F'OLITIQUE "Bears" for Berlinale 2020

On March 1, the jury of the Berlin Festival announced its favorites. Today F'OLITIQUE is giving its awards to the most spectacular films of the festival.


#1 "Undine" by Christian Petzold



Director Christian Petzold seems to have found a new muse: for the second time, instead of the restrained Nina Hoss, he films the mysterious - and slightly insane - Paula Beer. With the change of heroine, Petzold changed the intonation to melodramatic, unexpected for the independent German cinema.

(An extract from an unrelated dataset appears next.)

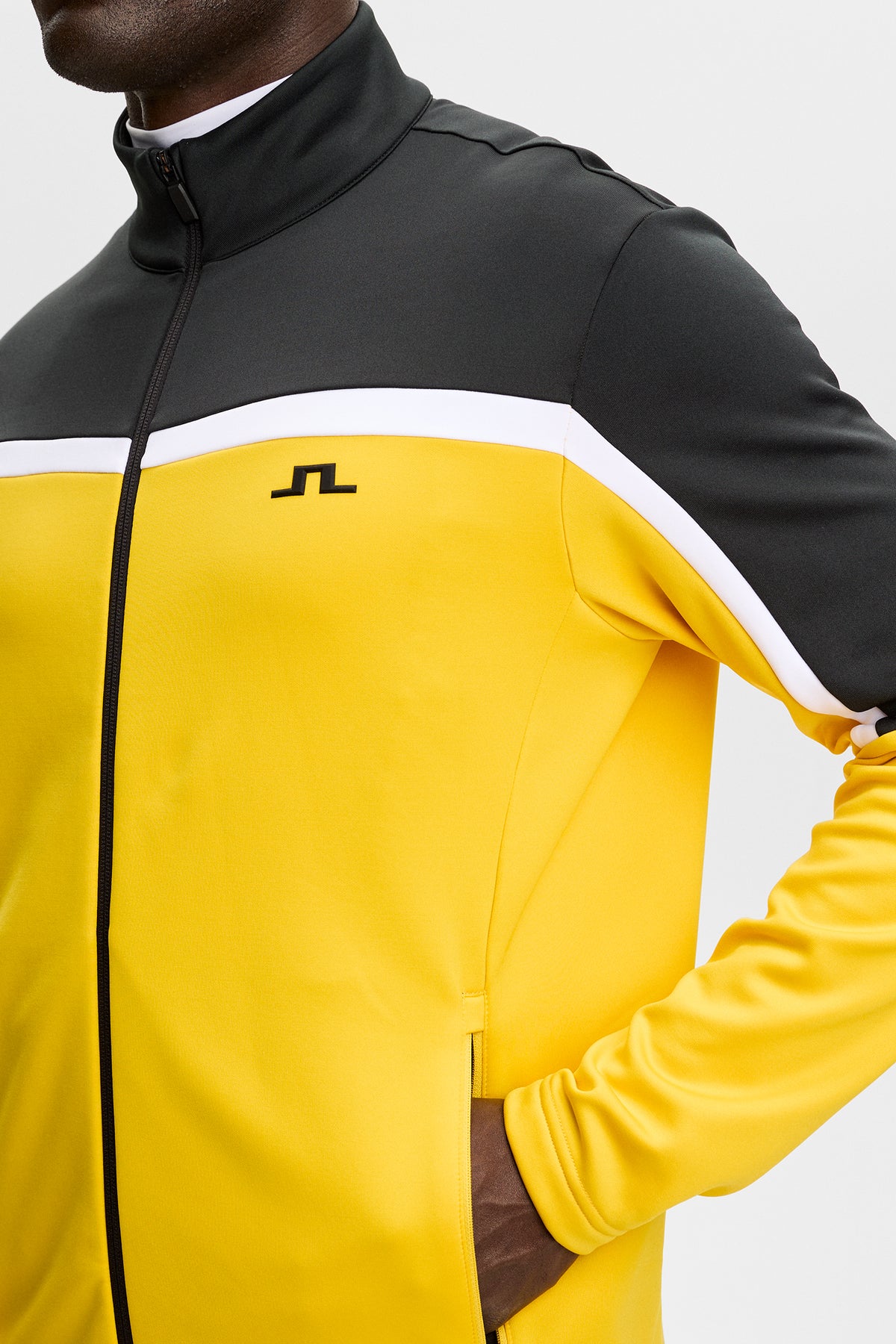 Gros plan : Sharpe Full Zip Mid Layer jaune et noir avec col montant et logo Bridge sur la poitrine.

Undine is an urbanist, but makes guiding tours not through the streets, but through cardboard mock-ups illustrating the history of the restoration of urban development. Petzold's Berlin does not vibrate, it flows, envelops and fascinates. The camera flans around the artificial city in the exhibition hall and just as carefully watches the beginning of a real, reverent and tactile, love between Undine and diver Christoph. Under water, in a fabulous gloomy space among water-plants, they will also meet. But the mermaid legend has an unfortunate ending. According to the precepts of Petzold and the “Berlin School of Cinema”, a new life built on the past cannot be careless.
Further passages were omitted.